What is expected
Reproduce the following data exactly, minus any images.

Data shown
-- Opening Marker --

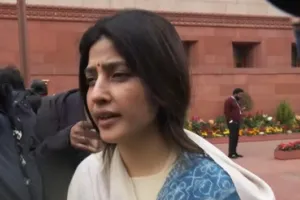 बजट 2026: 'वादे कितने पूरे हुए?' डिंपल यादव ने मोदी सरकार से पूछे तीखे सवाल..क्या किसानों की आय दोगुनी हुई?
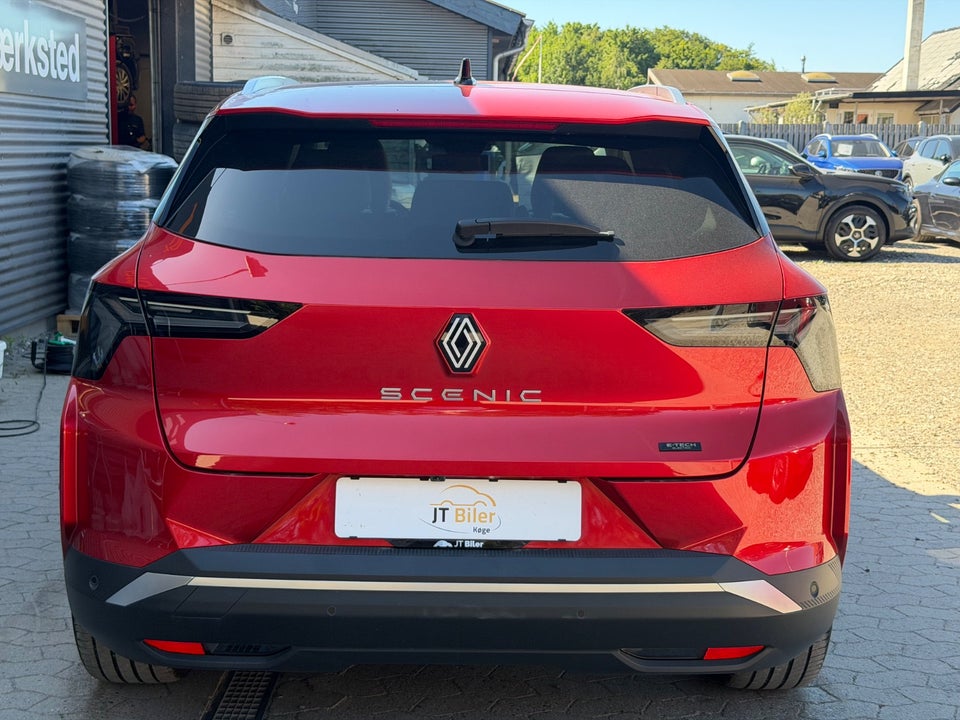 Renault Scenic E-Tech 87 Iconic 5d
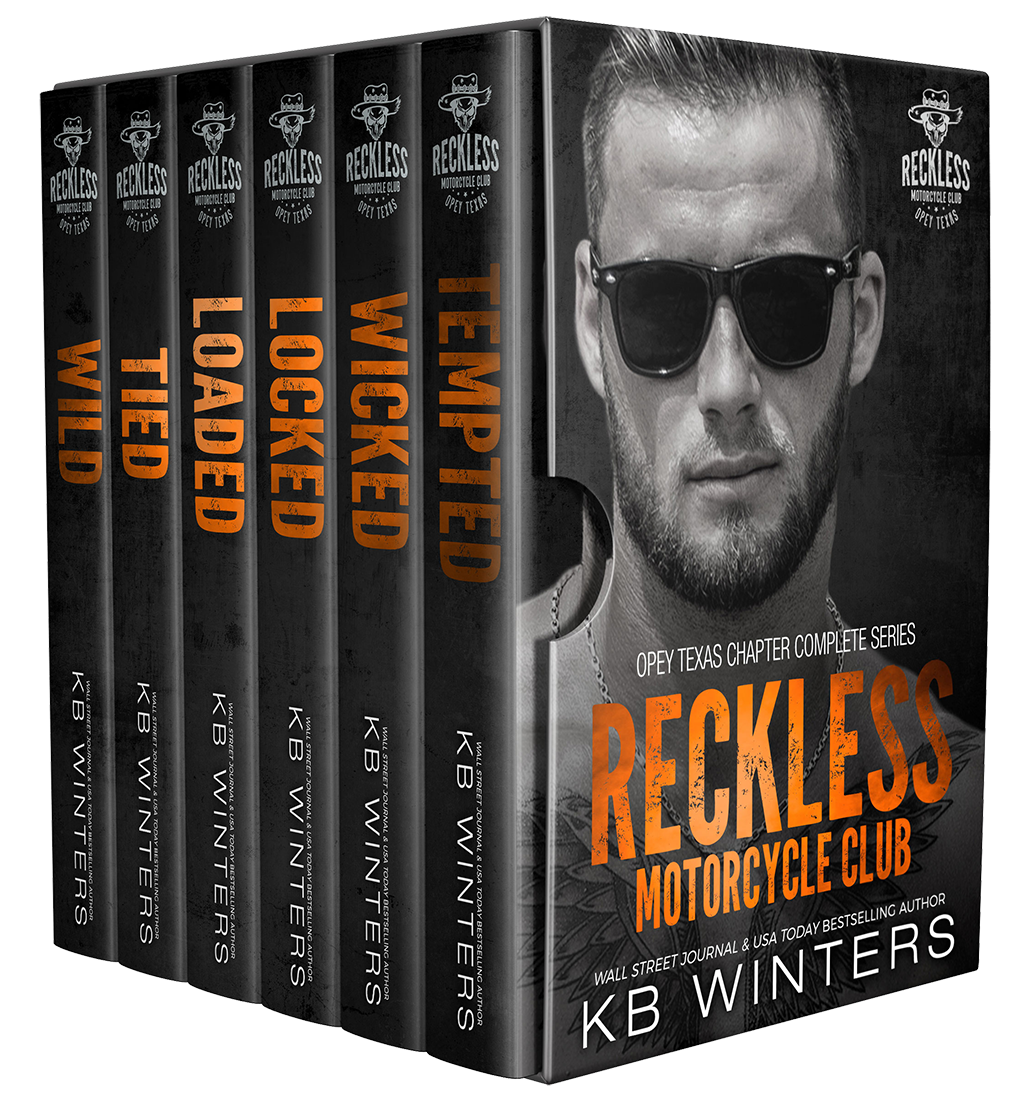 Reckless MC Opey TX Chapter Complete Series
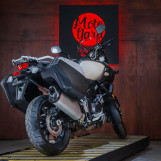 Мотоцикл Suzuki V-Strom DL1000 Traction ABS с пробегом 18316 км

-- Closing Marker --

Result
 बजट 2026: 'वादे कितने पूरे हुए?' डिंपल यादव ने मोदी सरकार से पूछे तीखे सवाल..क्या किसानों की आय दोगुनी हुई?
 Renault Scenic E-Tech 87 Iconic 5d
 Reckless MC Opey TX Chapter Complete Series
 Мотоцикл Suzuki V-Strom DL1000 Traction ABS с пробегом 18316 км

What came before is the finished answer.